Um das in großem Stil machen zu können, käme man um Energiepflanzen – und seien es Bäume – nicht herum. Doch auch die brauchen Platz. Damit besteht bei der Bodennutzung eine dreifache Nutzungskonkurrenz aus Nahrungsmittelproduktion, Artenschutzgebieten und Energiepflanzen.

Oder anders: Wir müssen den Planeten gleichzeitig menschen-, arten- und klimagerecht nutzen. Noch hat dieser Dreiklang aber weder ins öffentliche Bewusstsein noch in die Klimapolitik Eingang gefunden.

Die Menschheit als Teil des Erdsystems

Die Klimapolitik befindet sich vielmehr noch in einer ersten Phase, wo es darum geht, die Emissionen aus fossilen Energieträgern zu reduzieren. Um die Klimakrise zu stoppen, reichen Grünstrom und Elektroautos aber nicht aus. Mittelfristig wird daher eine zweite Phase erforderlich sein, in der es vor allem um die menschen-, arten- und klimagerechte Optimierung der globalen Bodennutzung geht.

Wie wichtig diese zweite Phase ist, zeigt eine Grafik von Johan Rockström, der das Konzept der "ökologischen Belastungsgrenzen" (englisch "planetary boundaries") zusammen mit anderen Erdsystem-Forschern im Jahr 2009 vorgestellt hat. Das Klima ist da nur ein Problem unter mehreren.

Die Belastungsgrenzen zeigen, wie stark der Mensch bereits in die planetaren Stoffkreisläufe eingreift und welchen Einfluss er auf das filigrane Netzwerk allen Lebens auf der Erde hat. Daher wurde auf dem Internationalen Geologischen Kongress im Jahr 2016 ein Beschluss über eine neue geologische Epoche gefasst. Viele Geologen sind überzeugt, dass wir nicht länger im Holozän mit seinem stabilen Klima leben, sondern im "Anthropozän" – dem Zeitalter des Menschen.

Für die Geologen ist der Begriff rein deskriptiv. Er beschreibt, dass der Mensch zum entscheidenden geologischen Faktor geworden ist. Der Begriff hat aber auch eine verantwortungsethische Komponente. Für den deutschen Philosophen Max Weber bedeutete dies, "dass man für die (voraussehbaren) Folgen seines Handelns aufzukommen hat". Oder anders: Im Anthropozän hat der Mensch die Verantwortung für das Wohlergehen allen Lebens und das Funktionieren der planetaren Stoffkreisläufe übernommen.

Für die Herausgeber des Wissenschaftsmagazins Anthropocene Review hat dies weitreichende Folgen: "Das führt dazu, dass der Gegensatz zwischen Mensch und Natur aufgehoben wird." Um seiner Verantwortung gerecht zu werden, darf sich der Mensch also nicht länger im Gegensatz zur "Natur" definieren, die es zu unterjochen gilt.

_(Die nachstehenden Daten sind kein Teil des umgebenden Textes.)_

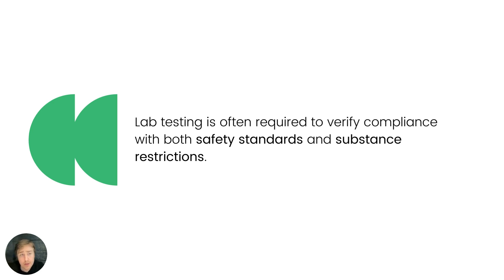Without third-party lab testing at some stage, you do not have any proof of compliance. Especially when it comes to lithium batteries, which are high-risk products, this is something that absolutely has to be done before you import lithium batteries or import or manufacture devices that contain lithium batteries.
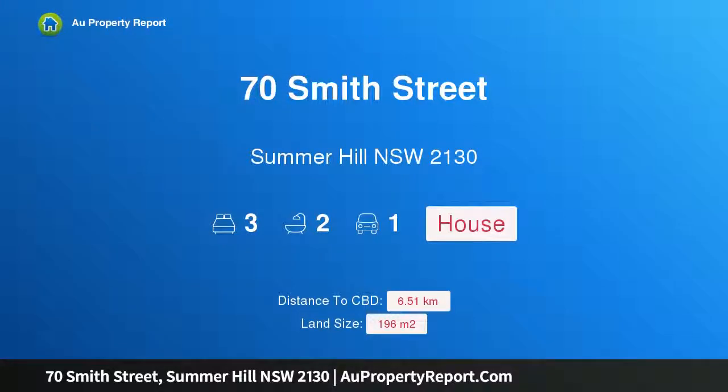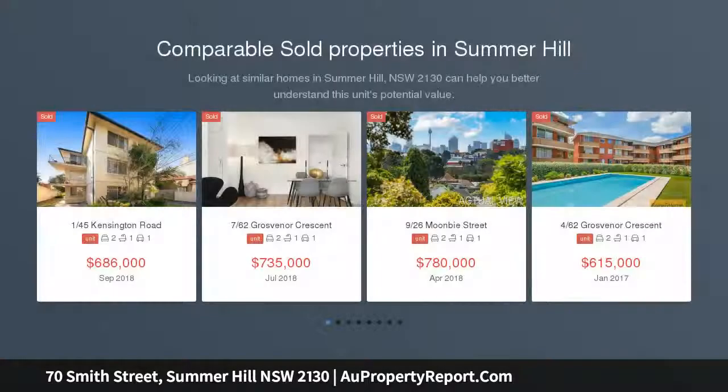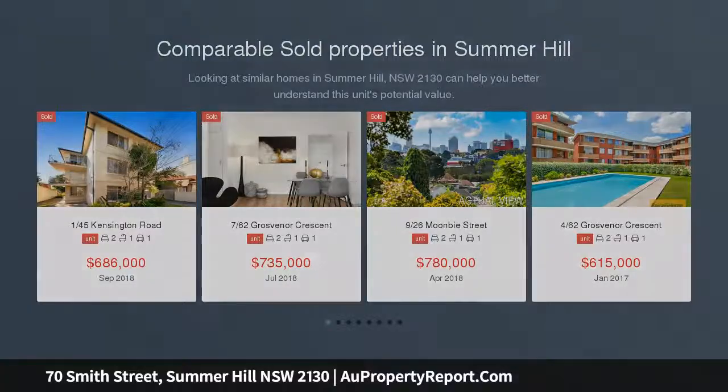I am glad to introduce property 70 Smith Street, Summer Hill, New South Wales 2130 — a warm and inviting home of space and character charm, boasting a prime position to embrace the sought-after Summer Hill lifestyle. This beautifully presented residence impresses with its generous proportions.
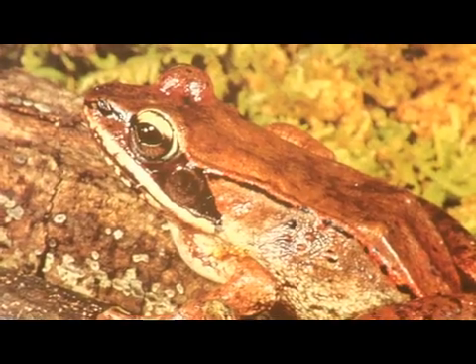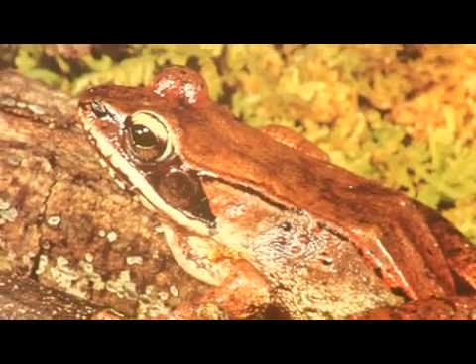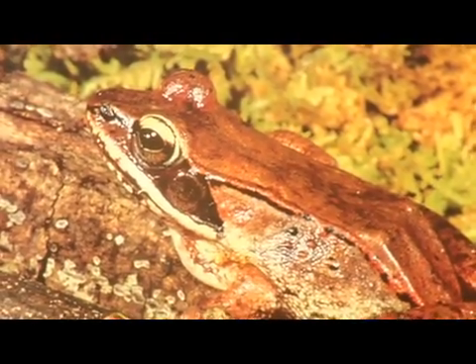These are kind of a brownish frog with a black mask going across the eyes, and a medium-sized frog about four or five inches long. These were one of the first frogs that were documented to have a chemical in their system similar to antifreeze.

Er muss sich vielmehr als Teil eines "Erdsystems" verstehen, als Teil eines kollektiven Ganzen, eines Meta-Organismus. Dann wird klar, dass die Befriedigung menschlicher Bedürfnisse nur möglich ist, wenn auch den Bedürfnissen aller anderen Teile dieses Meta-Organismus Sorge getragen wird.

Für den Kampf gegen den Klimawandel bedeutet das konkret: Kurzfristig mögen technische, wirtschaftliche und politische Fragen im Vordergrund stehen. Langfristig wird aber eine philosophische Frage entscheidend sein: Wer sind wir?